Las prohibiciones generan efectos prácticos, pero también marcan huellas profundas en la cultura y la psicología de una sociedad. Por un lado, producen perjuicios concretos y materiales, como los que sufren miles de argentinos que hoy no pueden volver al país ni tampoco salir. Pero hay algo más intangible y difícil de cuantificar: es la marca que deja el prohibicionismo en el ánimo ciudadano. Un Estado que, con un decretazo, limita nuestras libertades, cambia las reglas de juego y prohíbe hasta nuestra capacidad para elegir a qué obra social destinaremos parte de nuestro salario, crea en el ciudadano de a pie la angustia de lo imprevisible. Crea algo peor: la sospecha (muy fundamentada) de que hoy te prohíben eso y mañana será otra cosa; hoy te prohíben comprar dólares, elegir la obra social o planificar un viaje, y mañana te pueden prohibir que saques tus ahorros del banco (como ha pasado tantas veces) o que dispongas libremente de tu propiedad (como fantasean referentes del oficialismo). El prohibicionismo, en definitiva, erosiona la confianza y profundiza un clima de inestabilidad en el que nadie se atreve a planificar, mucho menos a arriesgar.
En las últimas semanas se ha acentuado, en definitiva, la sensación de que estamos maniatados y encorsetados por un Estado cada vez más invasivo, más voraz y, a la vez, más chapucero. Detrás de muchas de esas prohibiciones hay un ideologismo autoritario, pero también hay una enorme carga de ineficacia e impericia. El virtual corte de conexiones aéreas es muy revelador: prohíben con regocijo y hasta con alevosía (por ese prejuicio contra los “ricos” que vuelan a Miami), pero sobre todo lo hacen por la ineptitud del Estado para ejercer un eficiente control y seguimiento sanitario que evite el ingreso de las nuevas variantes de coronavirus. Es la misma doctrina que la de los estadios de fútbol: como el Estado no puede controlar a grupos barrabravas, se prohíbe a todos que vayan a la cancha. Esa impericia lleva a analizar el mundo con excesiva simplificación y torpeza: “Más de 100 países mantienen restricciones en sus fronteras”, intentó justificar el Gobierno. No hay ninguno (salvo Corea del Norte) que tenga limitados los vuelos al nivel de la Argentina y que prohíba el regreso de sus propios ciudadanos.

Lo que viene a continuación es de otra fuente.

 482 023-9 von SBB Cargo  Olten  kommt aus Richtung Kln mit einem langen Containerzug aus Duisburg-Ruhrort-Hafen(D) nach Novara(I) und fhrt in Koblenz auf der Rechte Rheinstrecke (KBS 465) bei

En esta atmósfera de cepos y limitaciones, se imponen también prohibiciones tácitas que lesionan la convivencia y el pluralismo democrático. La crítica y el disenso caen bajo esa sombra de las “mordazas implícitas”. Así es como el que critica se convierte, en el discurso del poder, en alguien que “odia”; el que cuestiona el rumbo de la Argentina es alguien que no quiere al país, y la oposición (según el jefe de Gabinete bonaerense) “es peor que el nazismo”. Es más, el que ejerce el espíritu crítico y se permite plantear dudas sobre el manejo de la pandemia es “negacionista, irresponsable y antivacunas”. La libertad de pensamiento todavía no ha sido cancelada por decreto, pero se nota en el discurso oficial la tentación de hacerlo. Ya ha habido intentos, de hecho, como fue la creación del Nodio, aquella “policía de la desinformación” que proponía vigilar a los medios y las redes.
Asistimos a una Argentina en la que miles de jóvenes y familias, así como centenares de empresas, optan por irse del país. No lo hacen con alegría; más vale con dolor. A muchos les aprieta ese chaleco de fuerza que limita la libertad de movimiento. Sienten que el prohibicionismo les corta las alas, les quita previsibilidad y desalienta cualquier proyecto. Sienten, en definitiva, que entre volantazos y decretos se le ha puesto un cepo al futuro. ¿Les prohibirán irse? Frente al riesgo de que avancen “ideas locas”, hay algo que justifica la esperanza: es el compromiso de una ciudadanía responsable en defensa de su libertad.